Question

Definitions: Let $G$ be a group wich acts without inversion on a connected nonempty graph $X$. We shall see that, if $X$ is a tree, then $G$ can be identified with the fundamental group of a certain graph of groups $(G,Y)$, where $Y=G\setminus X$. We begin with the construction of $(G,Y)$. Let $T$ be a maximnal tree of $Y$ and let $j:T\rightarrow X$ be a lifting of $T$. Let $A$ be an orientation of $Y$.

We shall extend $j$ to a section $j:edge Y\rightarrow edgeX$ such that $j \bar y= \overline{jy}$ ;

It suffices to define $jy$ for $y\in A-edgeT$ ; in this case we choose $jy$ so that $o(jy)\in vert jT$; we then have $o(jy)=jo(y)$. We also choose $\gamma_y\in G$ so that $t(jy)=\gamma_y*jt(y)$; this is possible because $t(jy)$ and $jt(y)$ have the same projection $t(y)$ in $Y$.
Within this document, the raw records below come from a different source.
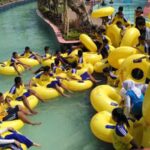 Buat yang suka menaguringi suangai berarus wajib mencoba wahana waimea stream river Hawai Waterpark Malang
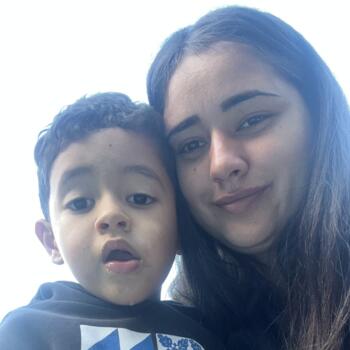 Emprego de babá em Rio das Ostras: emprego de babá Mirela Dayane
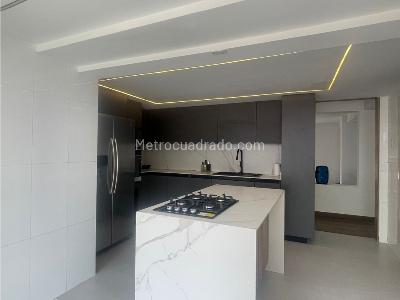 Casa de 4 alcobas en arriendo en El Tesoro, Medellín, 1300 m² · foto 7 de 20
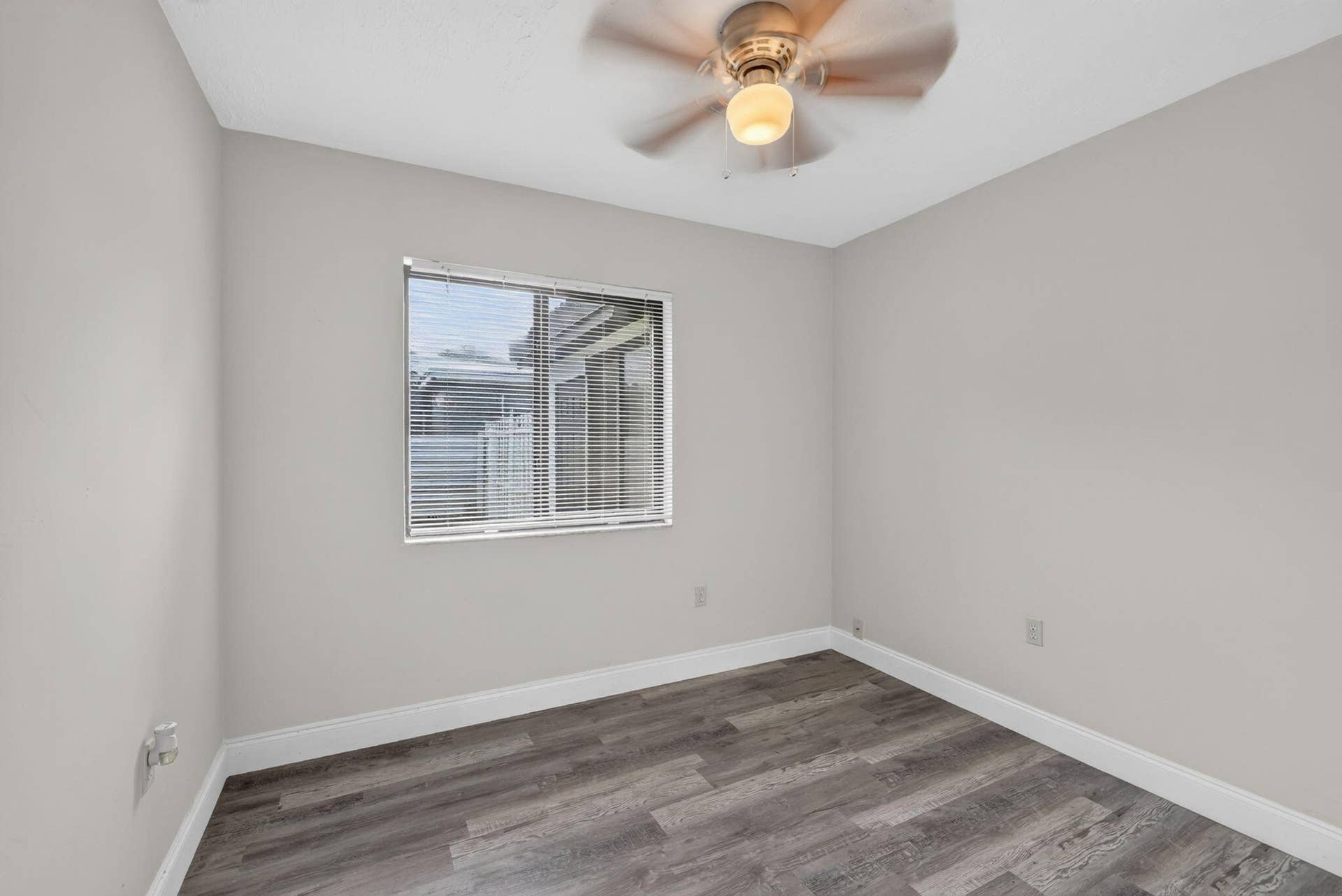 1313 NE 13TH Street, Fort Lauderdale, FL 33304 20-web-or-mls-8I8A5375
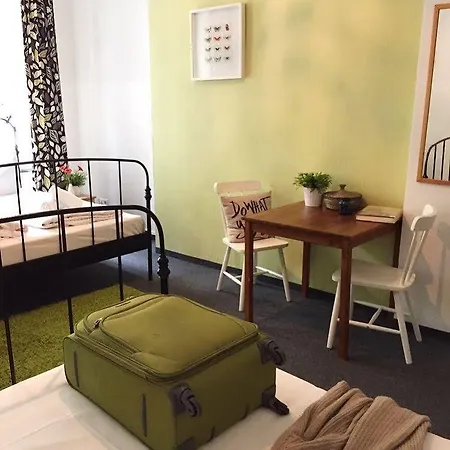 Guest house Absolut 2*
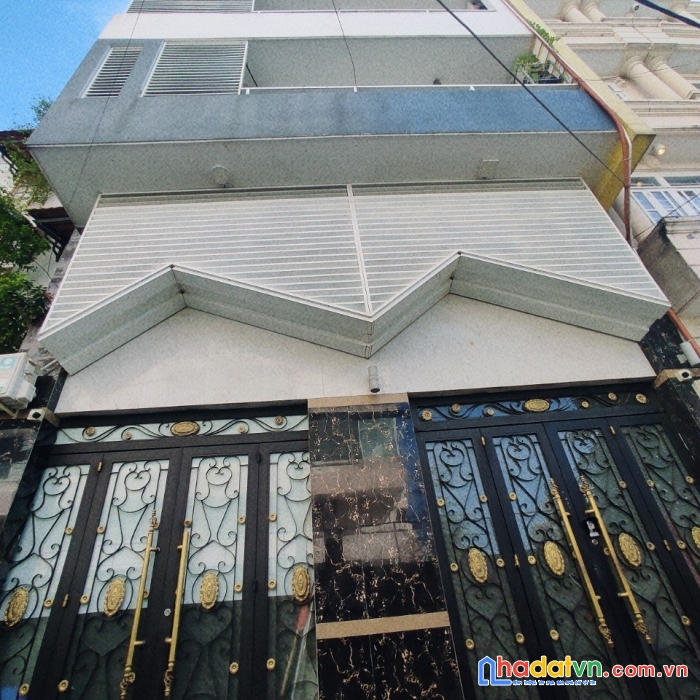 Chính chủ cần bán căn hộ dịch vụ 7 tầng vị trí đẹp tại hồ chí minh.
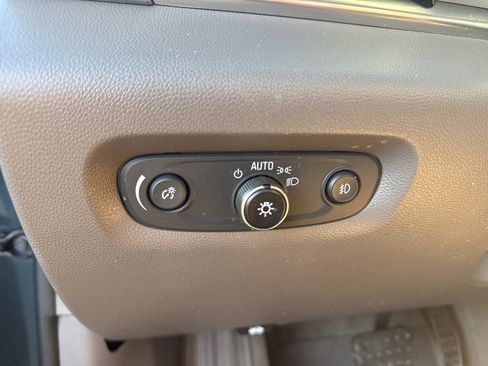 Used 2020 Chevrolet Traverse LT image 29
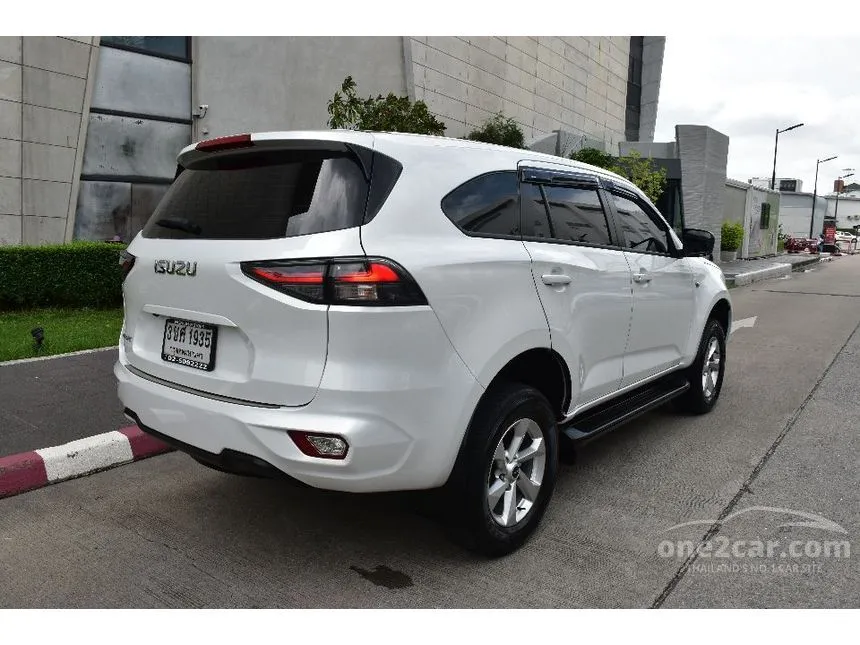 2023 Isuzu MU-X Active SUV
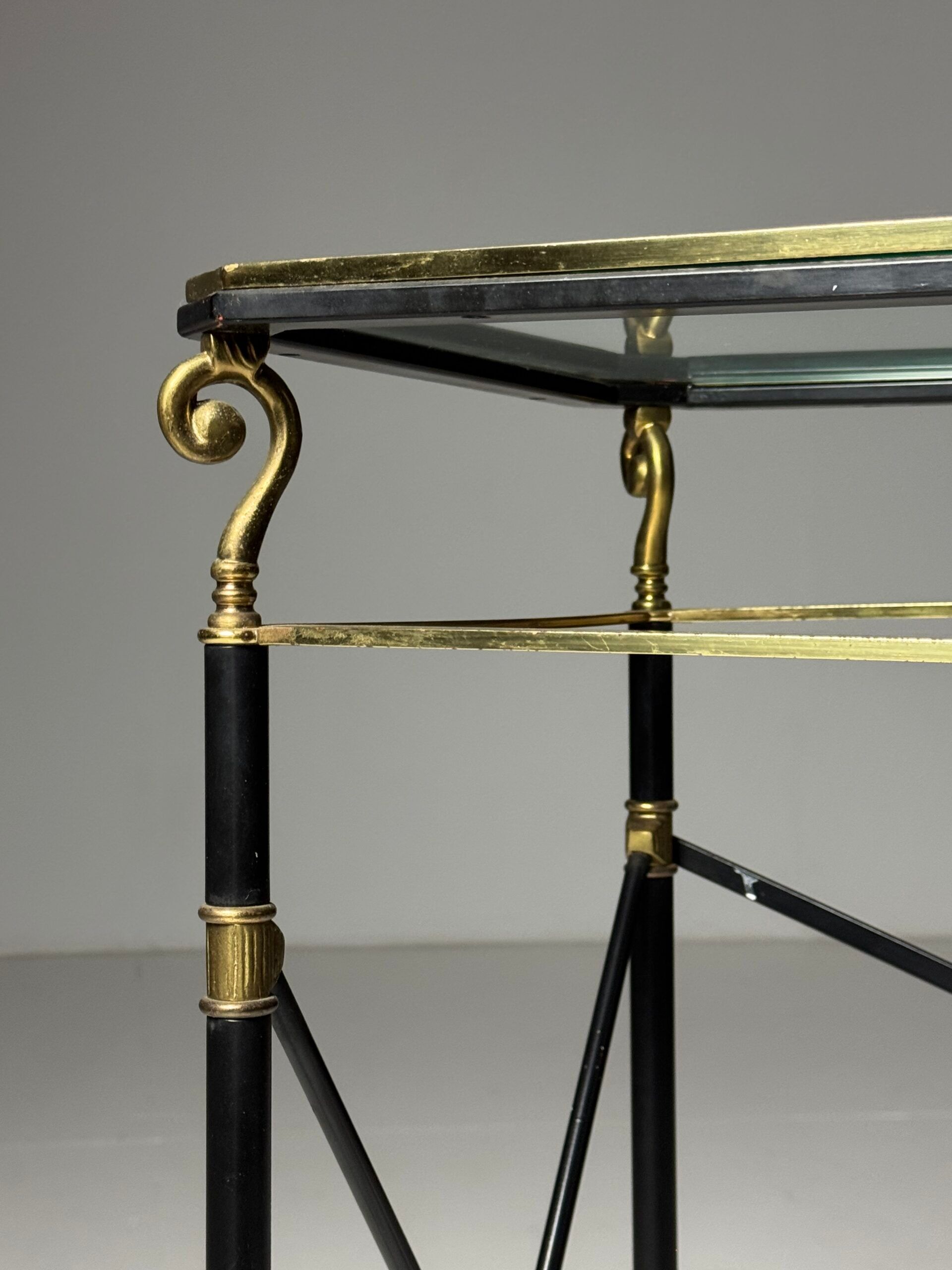 Table d'appoint des années 1960.
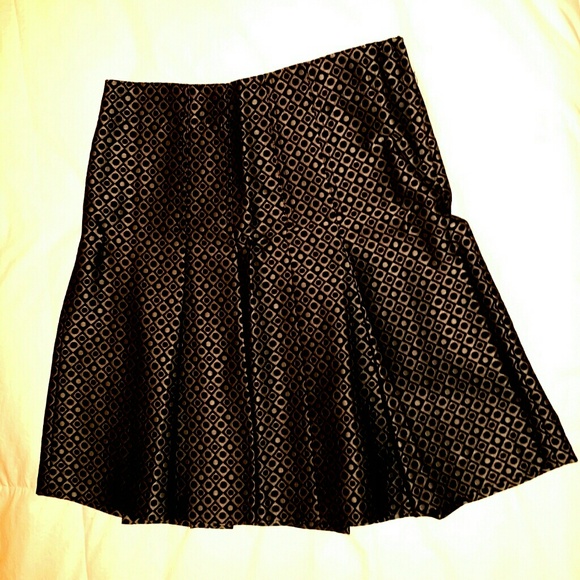 Club Monaco Pleated Skirt Sz 2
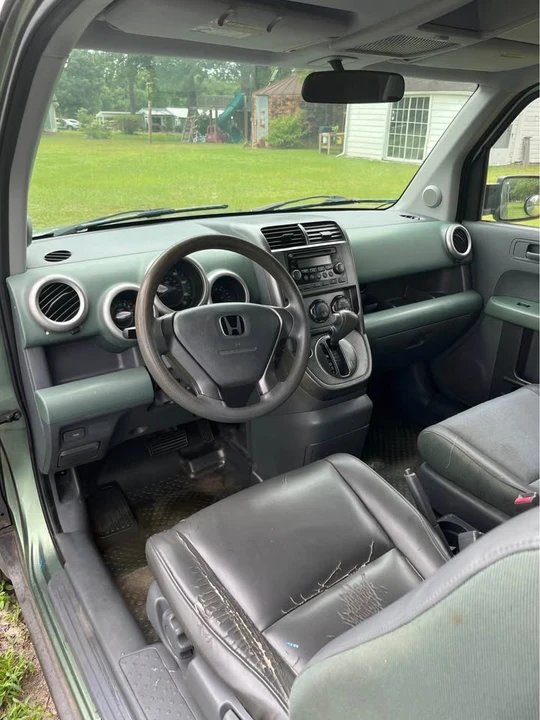 2004 Honda Element - Image 5 of 12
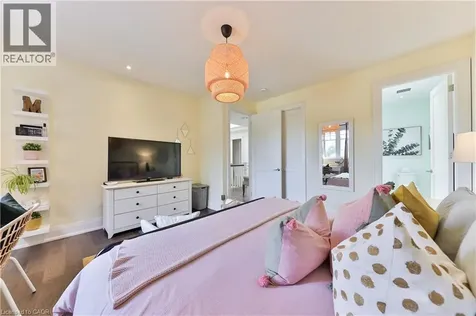 408 Saville Crescent Oakville ON L6L 3T8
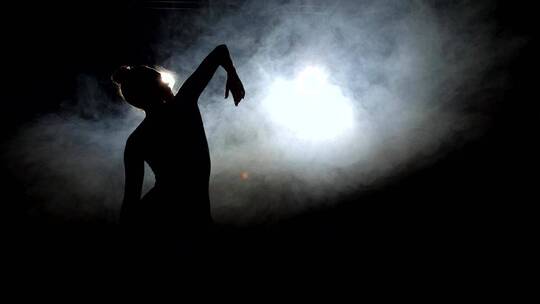 舞蹈演员在烟雾中的剪影
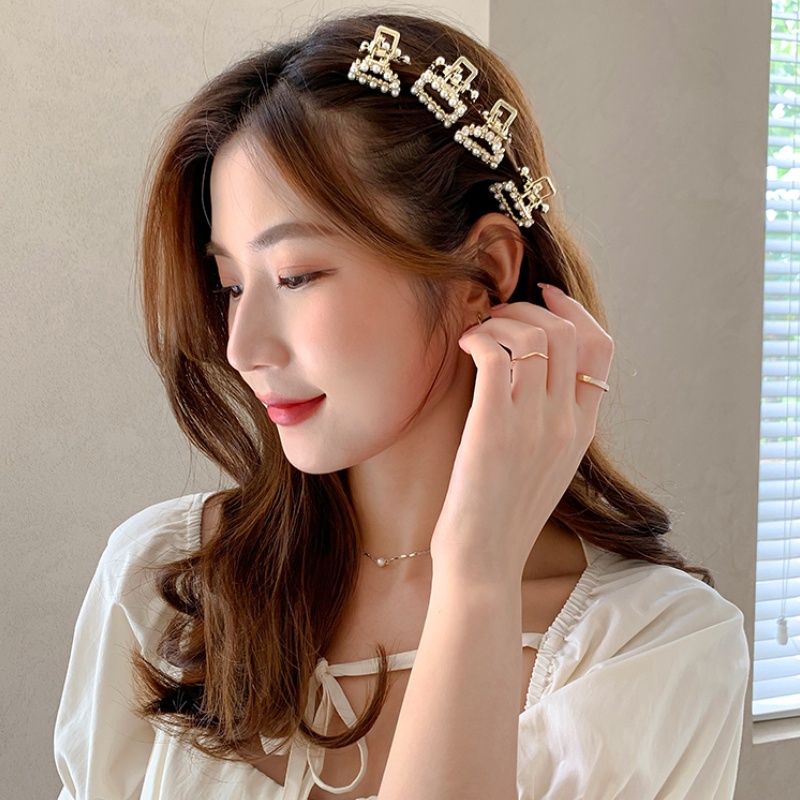 Jepit Rambut Bahan Metal Aksen Mutiara Gaya Korea Untuk Wanita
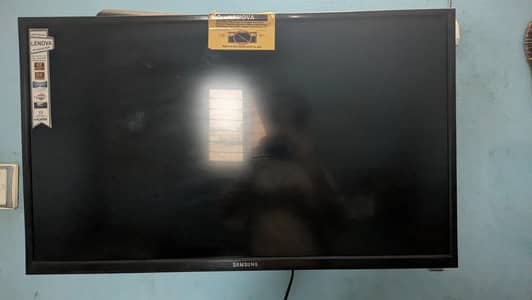 Samsung smart LCD TV 32 inches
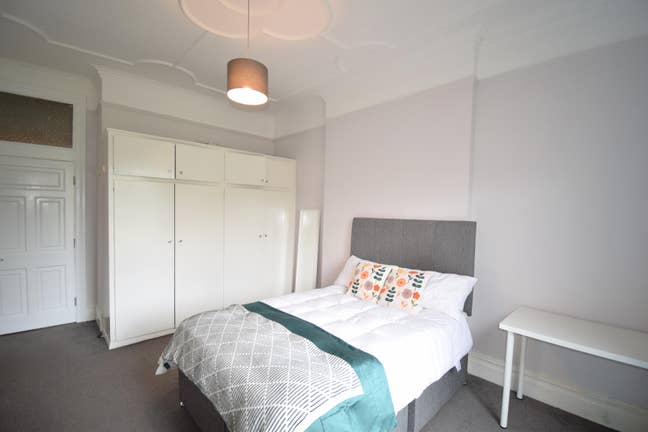 Modern House Share – Great Location & Amenities! Main Photo
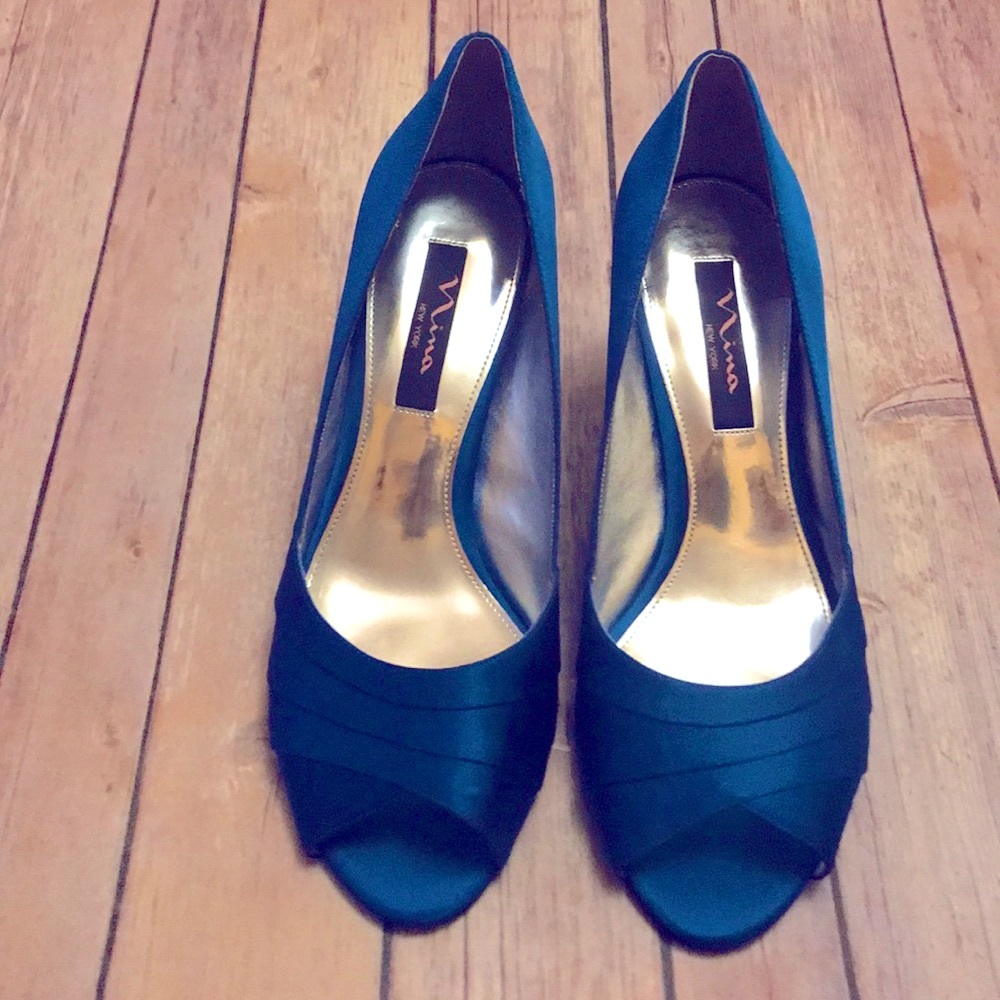 Nina New York Blue bridal shoe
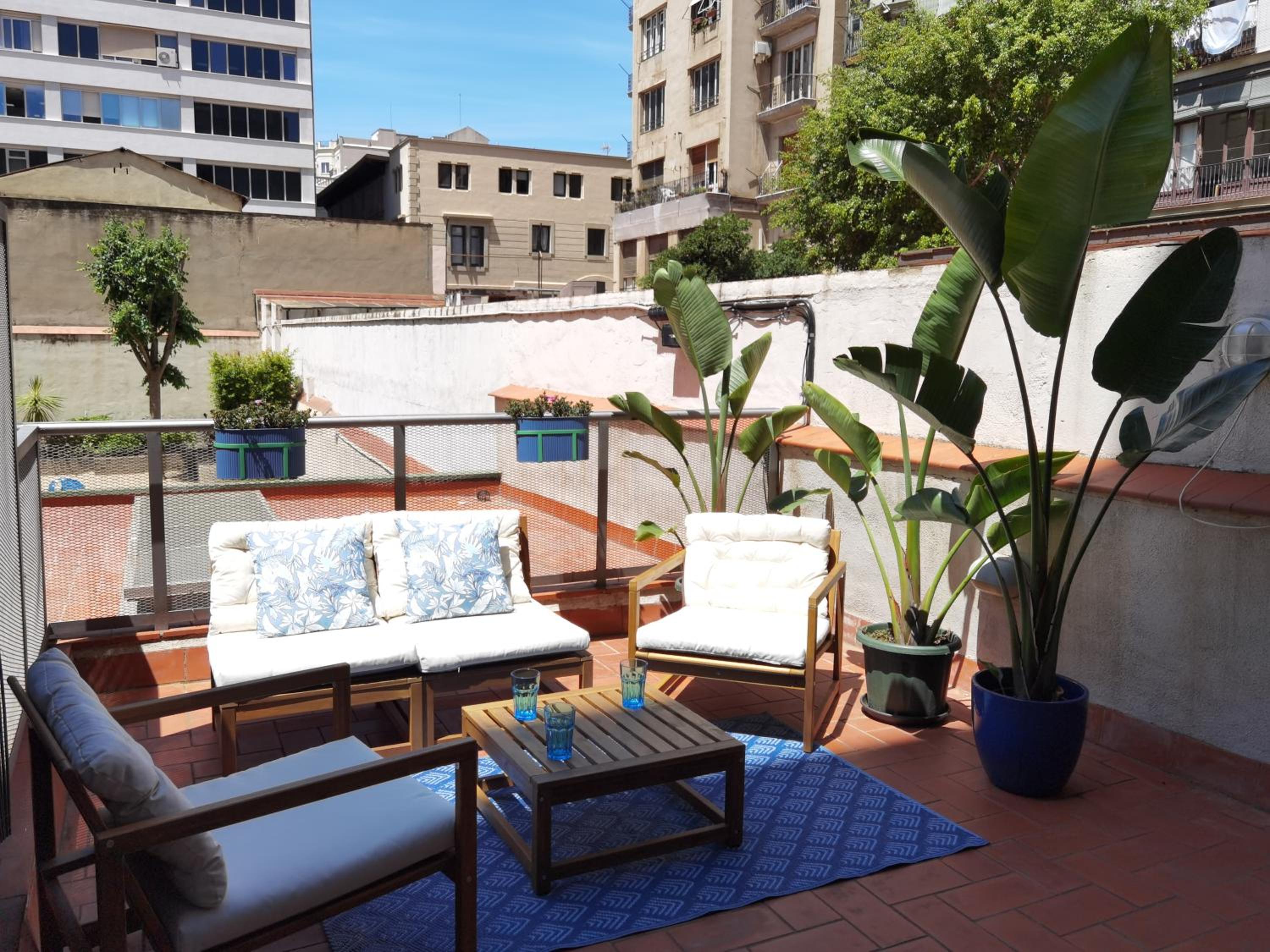 One-Bedroom Apartment with Terrace photo 3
This is the original describtion of the book on side 54. So my question is the following:

1. If we choose an arbitrary $z\in edgeX$ with $jy=z$ and $o(jy)=o(z)\in vertjT$ it could be happen that $o(jy)\not= jo(y)$. But I think we should choose it such that this equation is satisfied, since $j$ should be extendend to a graph morphism, right? Or why is that clear?

2. Why does the $\gamma_y\in G$ exist? Okay. If $t(jy)$ and $jt(y)$ lying in the same equivalence class under the action of $G$, this is clear. But why does this two elements have to lie in the same equivalence class?

Answer 1

On 1.: $j$ is not meant to be a graph morphism. For example $Y$ could contain loops, which you have to 'break up' to 'lift' it to $X$.

On 2.: I think it is implicitly implied that you should choose $jy$ to have $y$ as projection in $Y$. If you assume this then they do lie in the same equivalence class.